_Your goal_. Leave out the pictures and print the records below exactly.
(Dataset content begins)
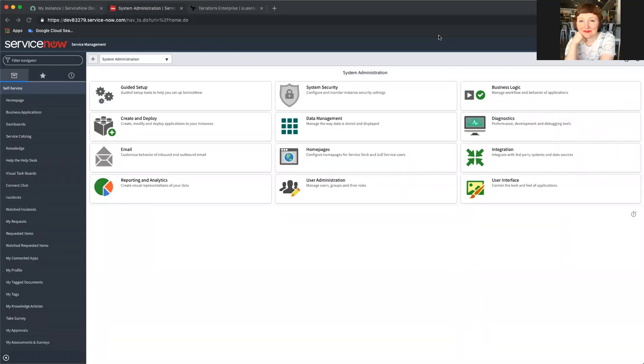Hello, my name is Lauren Roether and I'm a product manager for Terraform here at HashiCorp. I'm going to show you our ServiceNow service catalog integration for Terraform Enterprise.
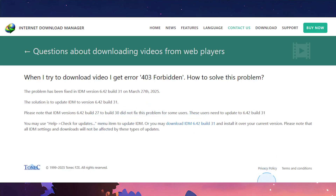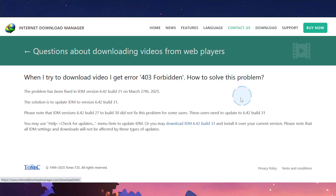Or you may just download IDM 6.42 build 31 — you can come here online, download it, and just install it over your current version.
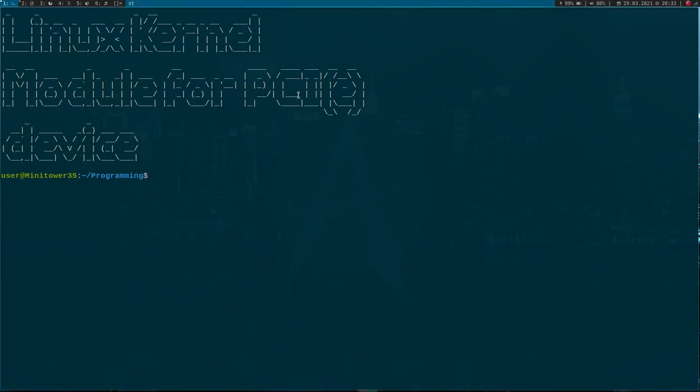Hi YouTube! Today I will continue my series about GNU/Linux and PCI/PCIe with a video on how to write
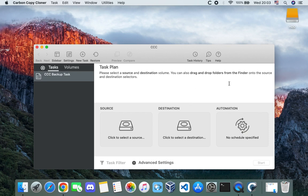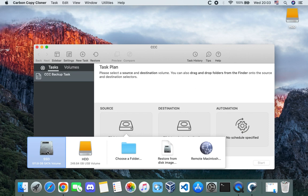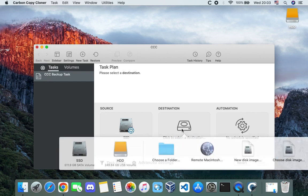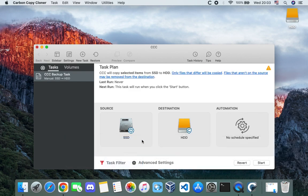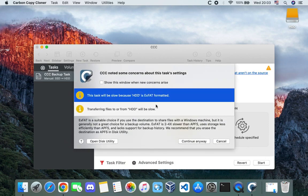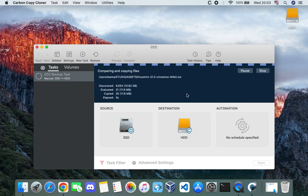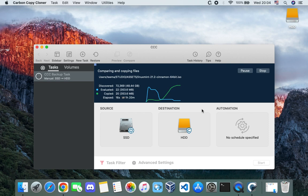You can see the external drive is now showing on screen. Select the source, which is your current drive — in my case my SSD — then select the destination, which is the HDD we just connected. Click 'Start', then 'Continue Anyway'. This should take about 30 minutes or more depending on how much data you have and the read/write speed of your drives. We can continue with OpenCore Legacy Patcher while this is running.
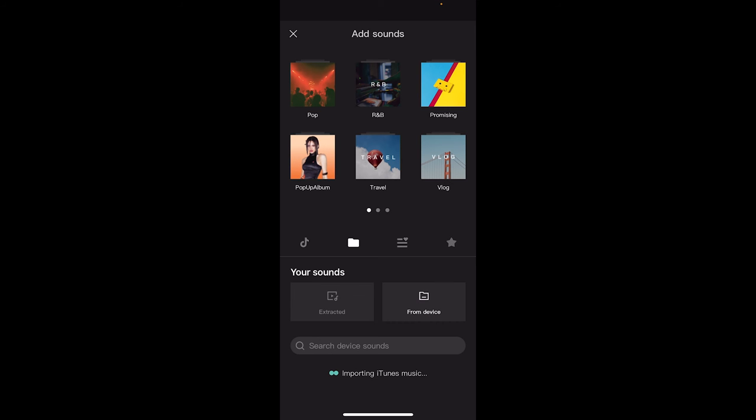Click on that and now you get two options, extracted and from device. Click on from device, even though it's not lit up, it's not bolded or highlighted, don't worry about it.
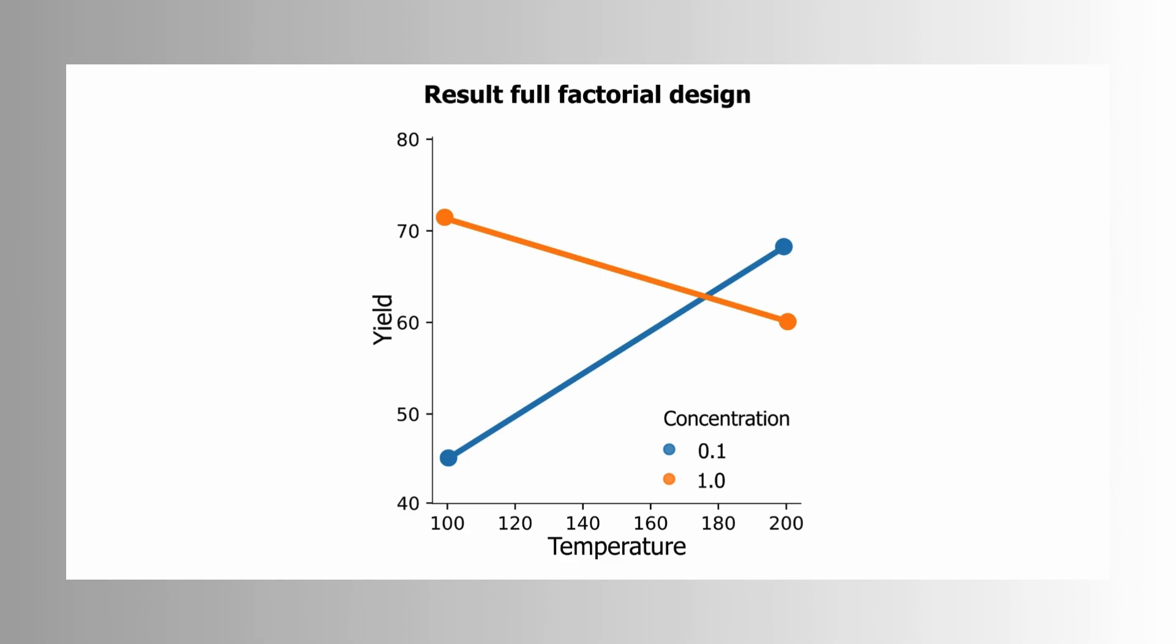Because at 100 degrees, the increase in concentration positively influences the yield. But at the high temperature, the increase in concentration negatively affects the yield, actually decreases the yield. And this is why a full factorial design is so powerful, or more powerful than the one factor at a time method. Because the full factorial design is able to capture interactions like that. And such interactions occur frequently in experiments, and it's very, very important to understand them because it will empower you to achieve better outcomes.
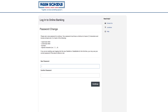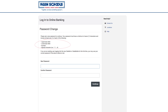Next, you'll create a new password. Your new password must be at least seven characters in length and contain at least one of each of the following: an uppercase and lowercase letter, one number, and one special character. You may use your current Datanet password if it meets the criteria.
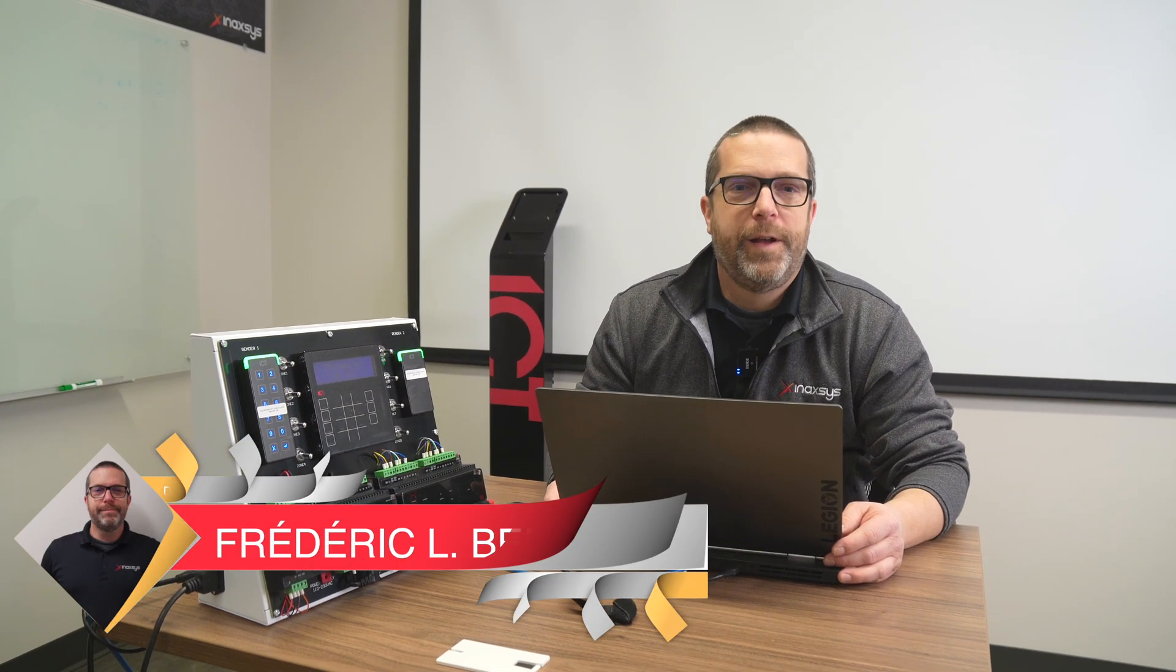Hello YouTube friends, I'm Fred Bergeron from Inaccess Security System. Welcome back to our channel.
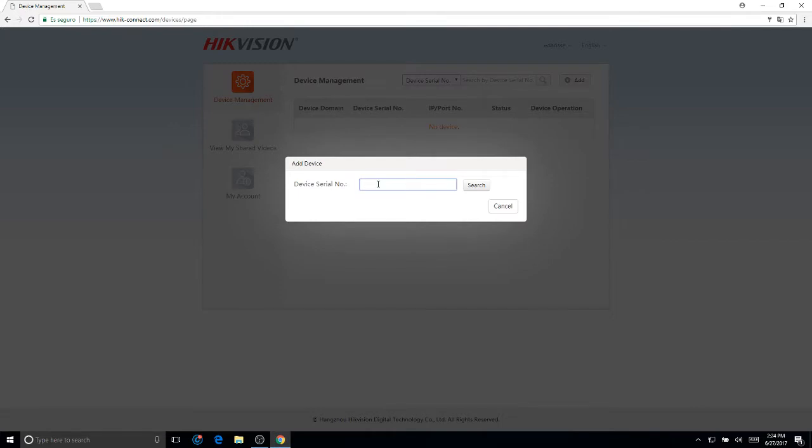This will be the serial number either on the box or behind the DVR itself or NVR. Click on search.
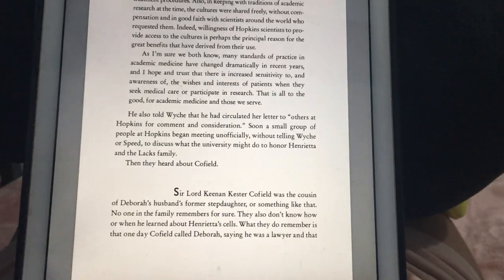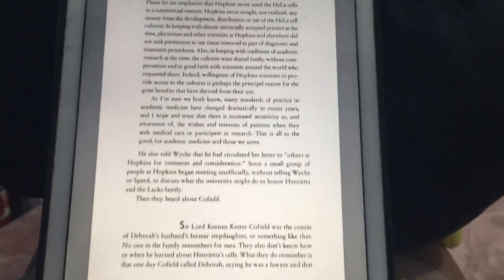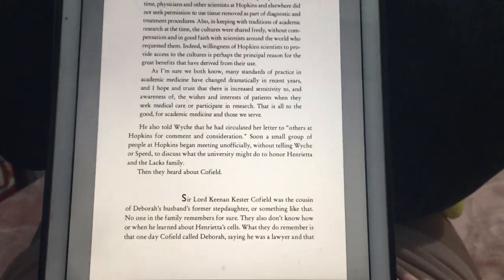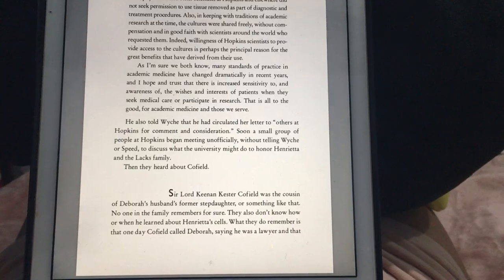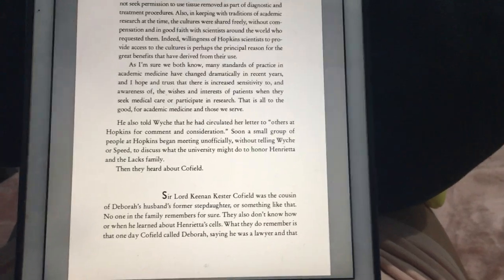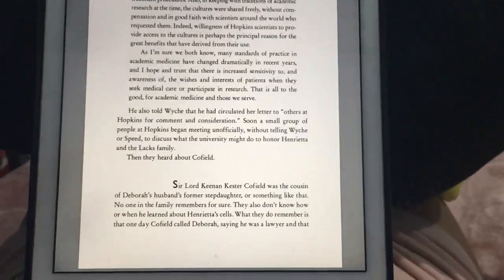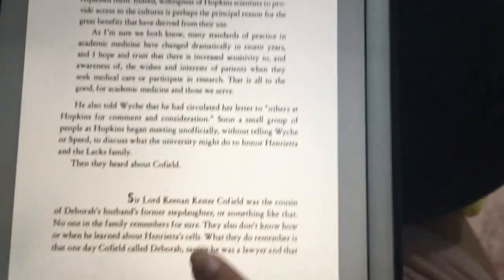Okay guys, this is The Immortal Life of Henrietta Lacks, Rebecca Skloot, Chapter 28, Part 2. We'll begin on that little small part, page 225. Let us begin.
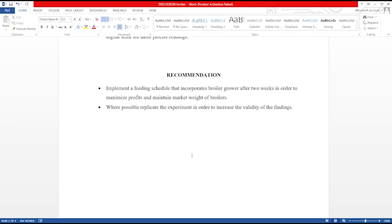This brings us to the recommendations. In this section, students are expected to formulate a recommendation based on their conclusion. Another recommendation can be derived from the list of limitations previously listed. This brings us to the end of the video. Thank you for viewing. In the next video, I will address the concepts involved in referencing work that you find useful to your study. See you guys next time.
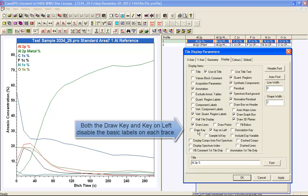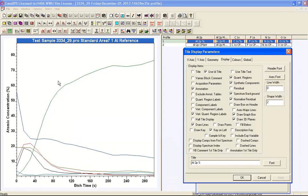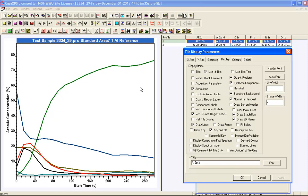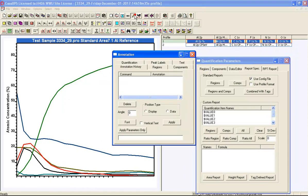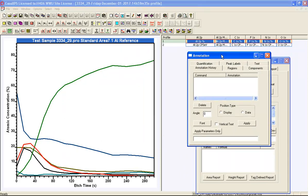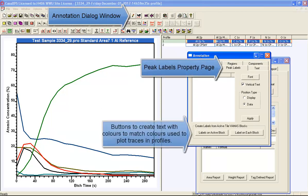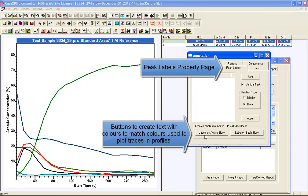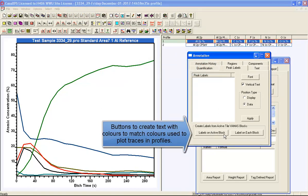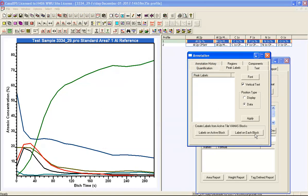If you untick 'Draw Key' but leave 'Key on Left' ticked, the display shows no labels whatsoever. You can also adjust the line width to give the traces a bit more thickness. Having done that, we'll now look at how to label these in a custom way using the peak labels property page on the annotation dialog window, where two buttons — 'Label on Active Block' and 'Label on Each Block' — offer slightly different functions.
(Dataset content ends)
_Problem solution_.
Hello, my name is Lauren Roether and I'm a product manager for Terraform here at HashiCorp. I'm going to show you our ServiceNow service catalog integration for Terraform Enterprise.
Or you may just download IDM 6.42 build 31 — you can come here online, download it, and just install it over your current version.
Hi YouTube! Today I will continue my series about GNU/Linux and PCI/PCIe with a video on how to write
You can see the external drive is now showing on screen. Select the source, which is your current drive — in my case my SSD — then select the destination, which is the HDD we just connected. Click 'Start', then 'Continue Anyway'. This should take about 30 minutes or more depending on how much data you have and the read/write speed of your drives. We can continue with OpenCore Legacy Patcher while this is running.
Click on that and now you get two options, extracted and from device. Click on from device, even though it's not lit up, it's not bolded or highlighted, don't worry about it.
Because at 100 degrees, the increase in concentration positively influences the yield. But at the high temperature, the increase in concentration negatively affects the yield, actually decreases the yield. And this is why a full factorial design is so powerful, or more powerful than the one factor at a time method. Because the full factorial design is able to capture interactions like that. And such interactions occur frequently in experiments, and it's very, very important to understand them because it will empower you to achieve better outcomes.
Next, you'll create a new password. Your new password must be at least seven characters in length and contain at least one of each of the following: an uppercase and lowercase letter, one number, and one special character. You may use your current Datanet password if it meets the criteria.
Hello YouTube friends, I'm Fred Bergeron from Inaccess Security System. Welcome back to our channel.
This will be the serial number either on the box or behind the DVR itself or NVR. Click on search.
Okay guys, this is The Immortal Life of Henrietta Lacks, Rebecca Skloot, Chapter 28, Part 2. We'll begin on that little small part, page 225. Let us begin.
This brings us to the recommendations. In this section, students are expected to formulate a recommendation based on their conclusion. Another recommendation can be derived from the list of limitations previously listed. This brings us to the end of the video. Thank you for viewing. In the next video, I will address the concepts involved in referencing work that you find useful to your study. See you guys next time.
If you untick 'Draw Key' but leave 'Key on Left' ticked, the display shows no labels whatsoever. You can also adjust the line width to give the traces a bit more thickness. Having done that, we'll now look at how to label these in a custom way using the peak labels property page on the annotation dialog window, where two buttons — 'Label on Active Block' and 'Label on Each Block' — offer slightly different functions.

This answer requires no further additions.